Part 1: The TV
It started when an old TV was anonymously dropped to their doorstep one arbitrary afternoon. There was no knock, no ring of the doorbell. Yula encountered it when she was taking out a bag of rubbish. Her and her brother Corrin had decided to bring it inside for their little brother Hugo. It was a chunky thing, like something that had manifested right out of the 1970s, complete with its own two dials and wonky antennae. It sat against the faded pink floral wallpaper that overpowered the living room, building a collection of dust. Hugo was greatly satisfied creating little scenes in the dust accumulating on top. Safe to say there wasn’t much going on for the trio of siblings in their little place of residence. It was an old building, and the random noises or sudden shudder of the walls wasn’t unheard of. The older siblings had grown accustomed to its vintage features, but younger Hugo let his imagination go a bit wild sometimes.

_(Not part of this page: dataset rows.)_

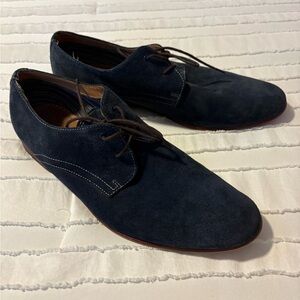 Men's Blue Suede Oxford Shoes
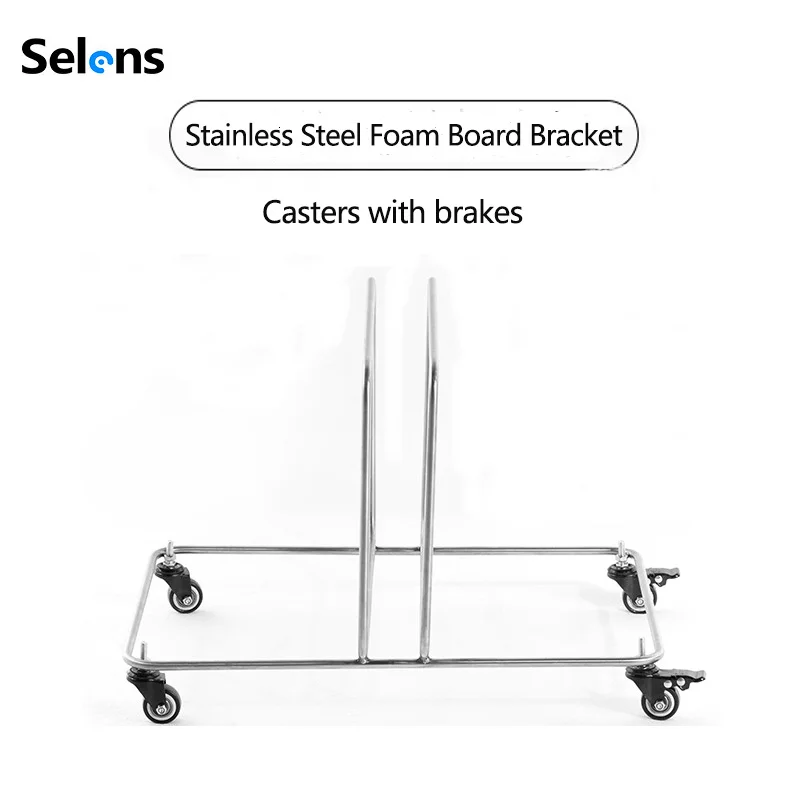 Selens Foam Board Bracket Stainless Steel Mobile Reflector Holder for Photo Studio Video Heavy Duty Stand Optional Brake Casters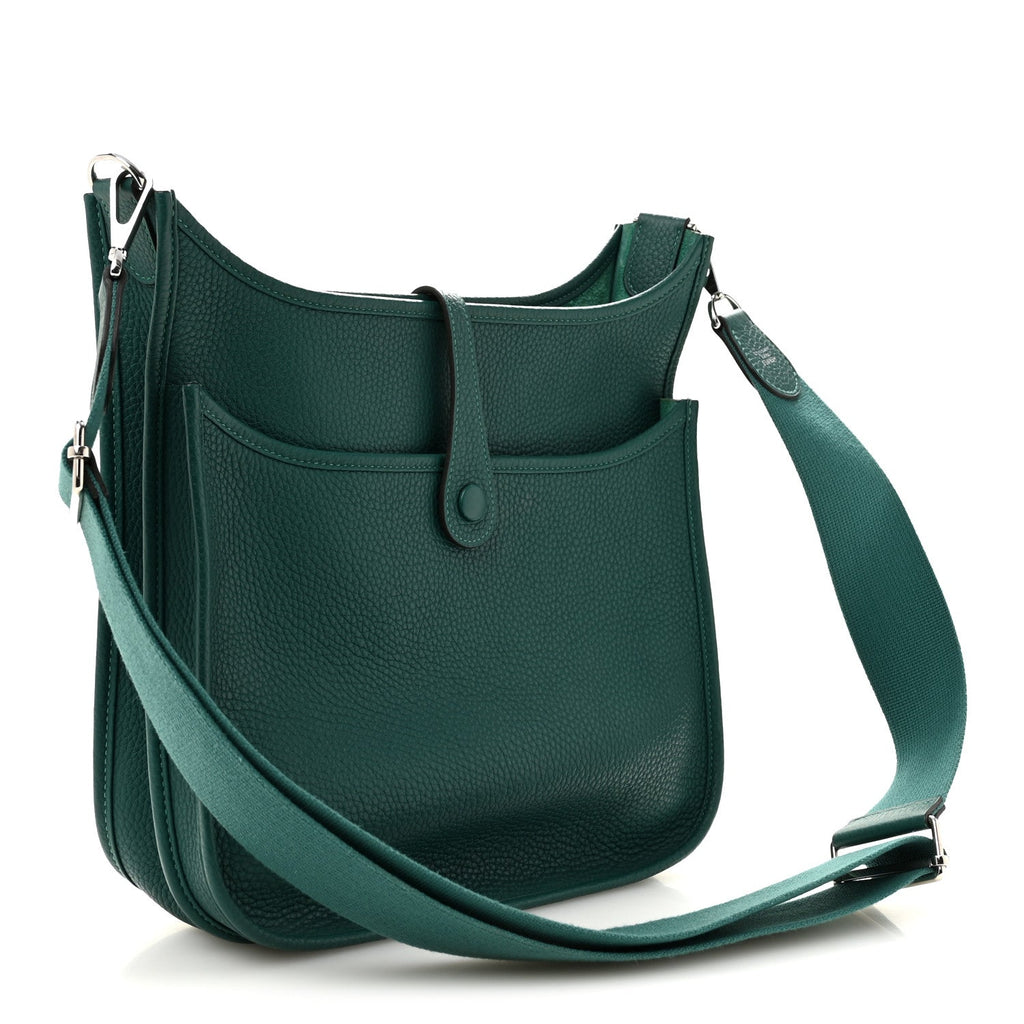 Hermès Taurillon Clemence EVELYNE III PM Malachite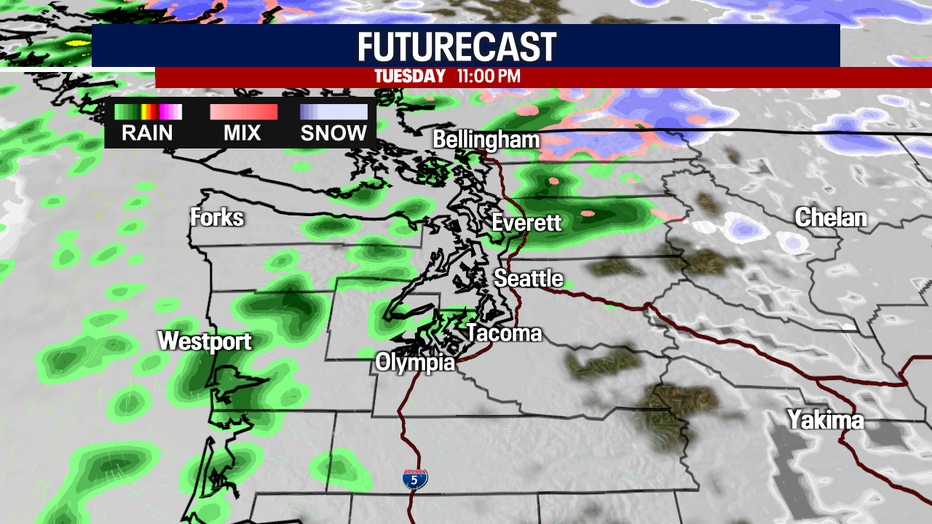 Showers are possible Tuesday evening north of Seattle.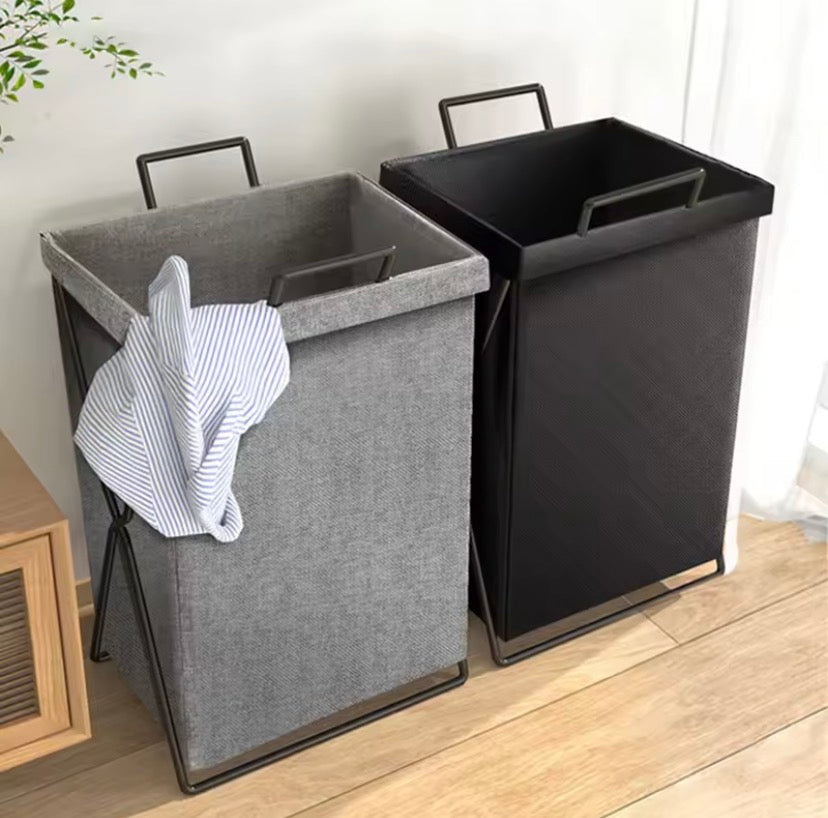 Large Capacity Foldable Iron Frame Laundry Basket, Waterproof Dirty Clothes Storage Basket, Laundry Hamper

‘There are monsters living in the walls’ he would scream in the middle of the night when a big jolt woke him up. He would rock and scream until Yula or Corrin managed to ease his terror. Having had little exposure to technological luxuries, they didn’t know where he got these ideas from. The books they collected from charity shops and boot sales featured puppies and the solar system. The fear in children was clearly an innate characteristic. No sources of monsters or violence for young Hugo and yet his juvenile brain still tormented him with vivid nightmares. The occasional lack of substantial dinner probably didn’t help, malnutrition is much scarier than monsters.
Coincidently, the day the TV set arrived happened to be the day the property deteriorated further, the creaks turned to moans and the shudders turned to shakes. The nightmares grew worse too. The monsters had crept out of the walls and transformed into shadows manoeuvring around the room. Hugo described the shadows with such vigour even Corrin thought he saw dark flickers in the corner of his eye. A vile smell had formed around the TV sat, likely traced to the ever-growing anthropomorphic mould that was quickly spreading up the wall. It was forming into an unholy expression and the smell was a mixture of damp coal and fermented yeast. ‘At least we could make some money from this, everybody come see Satan in our mould!’ Corrin had so satirically suggested. To make matters worse the electricity was becoming very temperamental. Lights becoming sporadically unreliable, heat appliances suddenly turning themselves up to their highest setting, causing minor burns. On a few occasions Yula had entered the kitchen and every single cupboard and drawer was wide open. Having not walked right into the set of a horror film, it was surely only Hugo playing painfully humourless pranks. Hugo’s newfound pranking hobby also included making items “disappear”. Extension cables, ceramic bowls and hairbrushes were a few of his favourite collectables. He never actually returned any of the items and continuously denied the mischief. The items just vanished from the room while Yula or Corrin were in there, Hugo must have snuck in on his hands and knees and swiped it without them seeing. Long lectures on wastefulness and lack of funds usually followed, but his under-developed mindset was too preoccupied on preoccupying his boredom.
The most inexplicable thing happened to Yula one day. She had gotten out of the shower and was startled by an omen written in the steamy mirror:
666
666
666
She immediately thought of Hugo, but he could not yet reach the mirror. In the unlikely case he somehow managed to reach 3 feet from the toilet seat lid, she did a little test. She drew on a pre-condensated mirror to see if the pattern emerged; it did, but not as crisp as it did on that occasion. The devil in the wall became the new thing to blame. Nicknamed Maurice, it got scolded repeatedly for all the bangs and tremors. It was tiresome to repeatedly discipline their suddenly ill-behaved brother.
At just 19 years old, Yula and Corrin both had to work full time jobs to sustain their mediocre lifestyle and chipper younger brother. They organised guardianship by alternating working hours. Corrin pulling the short straw as a night-time hotel receptionist. Sometimes on his return, he would hear Hugo sleep talking. He would mention the TV speaking to him, but that he couldn’t understand. Hugo was replicating it: ‘chez sei bawich wa ma lego chopoca’ or ‘televisor jest pleen rodossi’ but something was not quite right. This happened often over the next few months, Hugo progressively having full conversations with himself.